### EXERCISE AIM
Starting with the first line, output the data exactly, through to the last line.

### DATA BLOCK
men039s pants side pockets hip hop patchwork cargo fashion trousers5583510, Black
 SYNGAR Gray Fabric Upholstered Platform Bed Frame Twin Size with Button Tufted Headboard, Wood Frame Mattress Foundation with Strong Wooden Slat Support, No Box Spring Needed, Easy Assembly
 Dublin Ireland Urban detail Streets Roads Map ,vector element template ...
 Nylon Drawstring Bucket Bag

### ANSWER TO THIS PROBLEM
men039s pants side pockets hip hop patchwork cargo fashion trousers5583510, Black
 SYNGAR Gray Fabric Upholstered Platform Bed Frame Twin Size with Button Tufted Headboard, Wood Frame Mattress Foundation with Strong Wooden Slat Support, No Box Spring Needed, Easy Assembly
 Dublin Ireland Urban detail Streets Roads Map ,vector element template ...
 Nylon Drawstring Bucket Bag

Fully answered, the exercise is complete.